When Azure Goes Down, Do You Get Proactively Notified?

ControlUp ScoutbeesRoot Cause Analysis

September 28, 2020: Microsoft’s Azure Active Directory (Azure AD) had an outage.

The outage occurred between 2:25PM PST and 5:23PM PST and affected authentication services, preventing users from logging on and using resources hosted on Azure. Microsoft posted a root cause analysis detailing the incident.

Microsoft Azure Active Directory (Azure AD) had an outage.

Scoutbees—ControlUp’s synthetic testing application—immediately picked up on the outage, and proactively alerted its users about the issue in their environment. The screenshot below was captured from a browser at 5:15 p.m. EDT.

ControlUp detects Azure Active Directory (Azure AD) outage
Outage (12:15 a.m. IDT, 5:15 p.m. EDT) as seen by monitoring Citrix Cloud resources using Azure AD.

Scoutbees correctly identified the issue as an authentication failure, giving our customers in-depth information on pinpointing the root cause of the problem!

Scoutbees identifies authentication failure in Microsoft Azure Active Directory

Without Scoutbees, IT’s first line of information is usually end-users calling the help desk to complain about the error messages they get when trying to log in to their applications. In a case like this, they might tell your helpdesk that they were getting error “HTTP ERROR 503”:

End users report HTTP ERROR 503 for Azure Active Directory outage

“HTTP ERROR 503” doesn’t really provide much information about the problem. Googling the error message will return the generic “Service Unavailable.” You might think, “Service Unavailable? For Azure?” Further investigation would be required.

Being in IT, you might have authenticated into Azure, prior to the outage, to manage your resources. Given that, your experience would be inconsistent with your users, because Azure was working fine for you. “Azure is down? What? Could it just be my user’s home WiFi connection?” 
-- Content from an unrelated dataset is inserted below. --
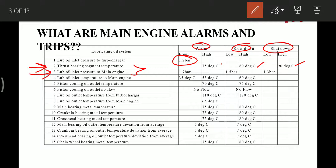Lube oil inlet temperature to main engine: at 35°C it gives a low temperature alarm and at 55°C it gives a high temperature alarm. At 75°C it slows down the main engine. Piston cooling oil outlet no-flow gives a no-flow alarm and also slows down the engine. Lube oil outlet temperature from turbocharger: high alarm at 110°C and slowdown at 120°C.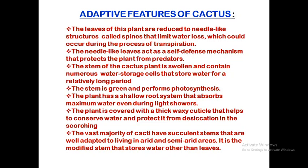The plant also has a shallow root system that can absorb water even during a light shower. Since the rainfall amount is low in deserts, the water from a light shower remains on the topmost layer of the soil. The shallow roots can take up this water before it goes deeper into the soil.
In a situation like this, your help desk would get overwhelmed with calls from users reporting the same thing. Tickets would get escalated, and panic would set in, as you investigate what in the heck was going on. Is your first step checking social media to see if it’s just you experiencing the outage? Should it be?! 

IT SHOULD NOT BE. With Scoutbees and its best-in-class synthetic testing, you’d have received a proactive alert about the outage and would have knows what was going on before it even popped up on Twitter:

Scoutbees provides proactive alerts for outages

With this information, you can give your help desk advanced warning or even proactively alert your users about a potential problem and to check your support page for outage information.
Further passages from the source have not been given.